Поскольку такая сложная траектория разреза не могла гарантировать быструю смерть, со временем вошло в обычай при совершении этого ритуала использовать постороннюю помощь. В роли помощника обычно выступал товарищ по оружию, воин, равный по рангу, либо кто-то из подчиненных (если рядом не было специального человека, назначенного властями). Как уже говорилось ранее, его обязанность состояла в том, чтобы обезглавить будущего самоубийцу, после того как последний закончит ритуальный разрез и предложит свою шею. Когда эпоха непрерывной межклановой борьбы ушла в прошлое и военная простота древних обычаев сменилась стремлением к скрупулезному соблюдению сложных правил внешних приличий, его роль постепенно становилась все более значительной, пока он не превратился в формального палача, который часто сносил с плеч голову своей добровольной жертвы, даже не дожидаясь, когда несчастный сам нанесет себе первый удар.

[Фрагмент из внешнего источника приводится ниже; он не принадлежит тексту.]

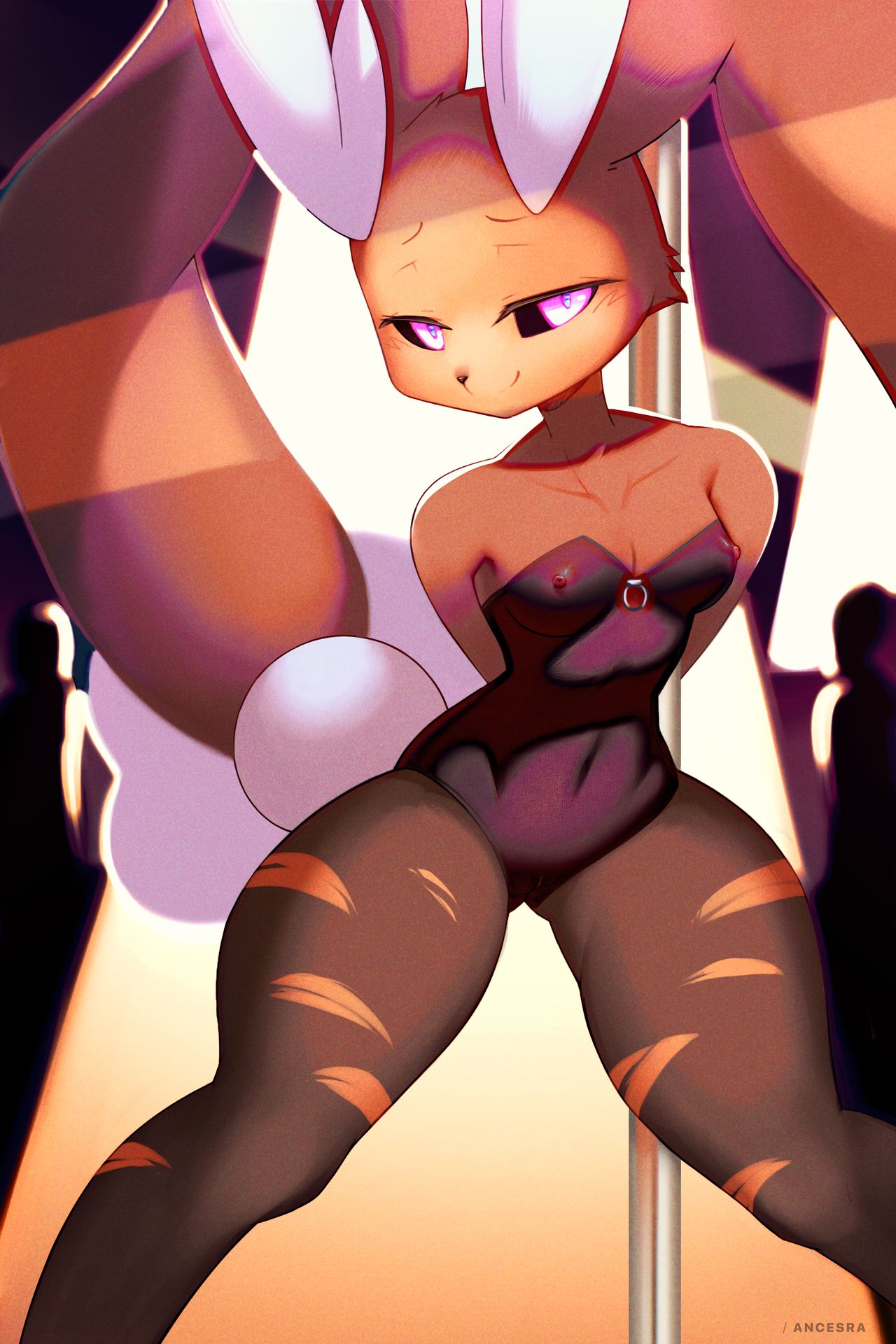 Bunny page 10 full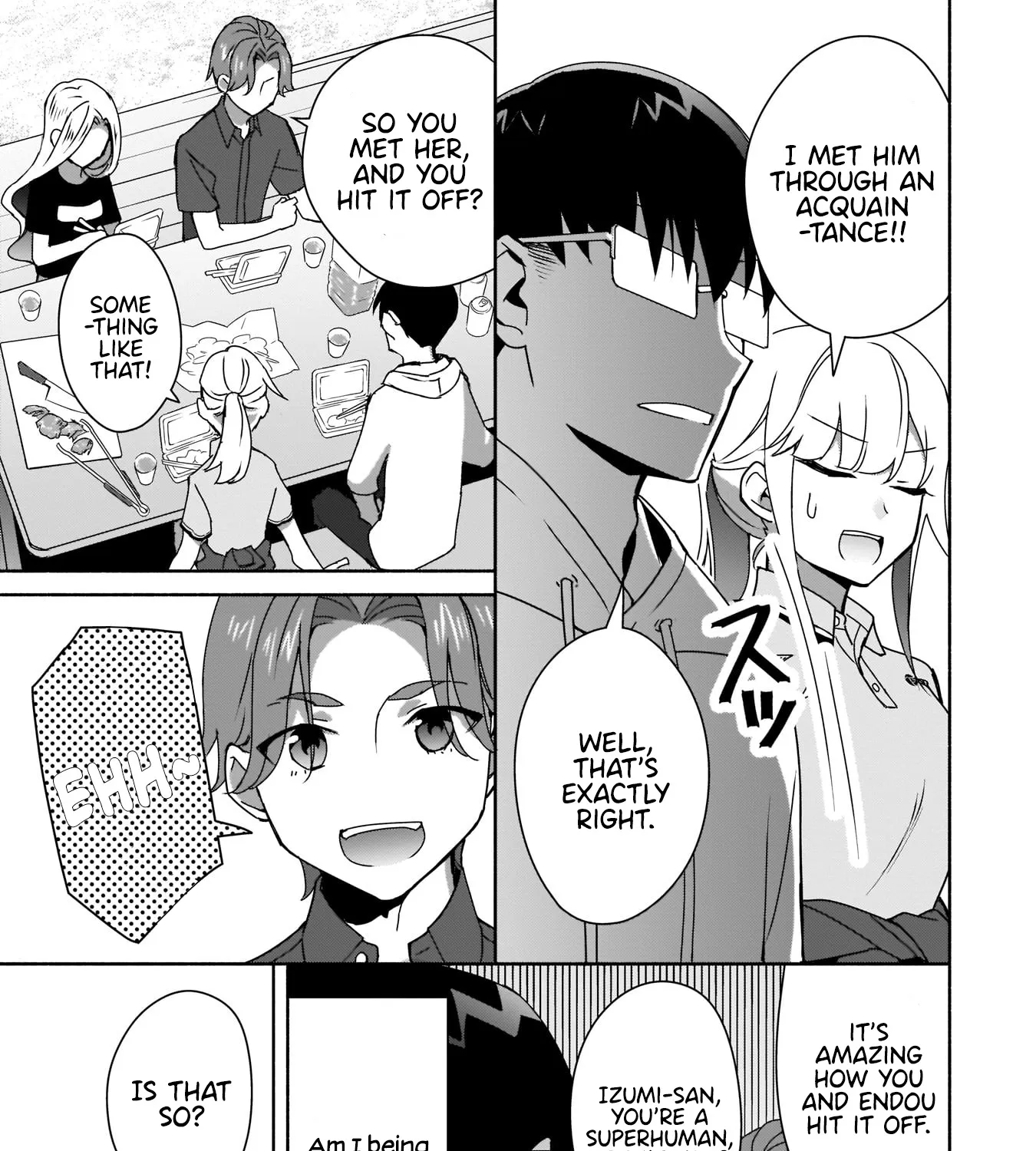 Bocchi No Boku Ni Kyousei Kanojo Ga Yattekita - Page 9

Любой человек, который подобно буси полностью примирился с идеей собственного самоуничтожения, способен превратиться в необычайно опасного воина, всегда готового отдать свою жизнь на поле боя. Получив приказ от своего непосредственного начальника, любой буси, достойный носить такое звание, должен был исполнять его без секундного колебания. Поскольку его противник обладал такой же абсолютной преданностью, то их поединок обычно превращался во взаимное убийство. Потому в крупномасштабных сражениях военачальник часто был вынужден полагаться не столько на доблесть своих воинов, сколько на их численность или, в исключительных случаях, на собственный талант стратега — область, в которой достигли высот лишь немногие из японских лидеров.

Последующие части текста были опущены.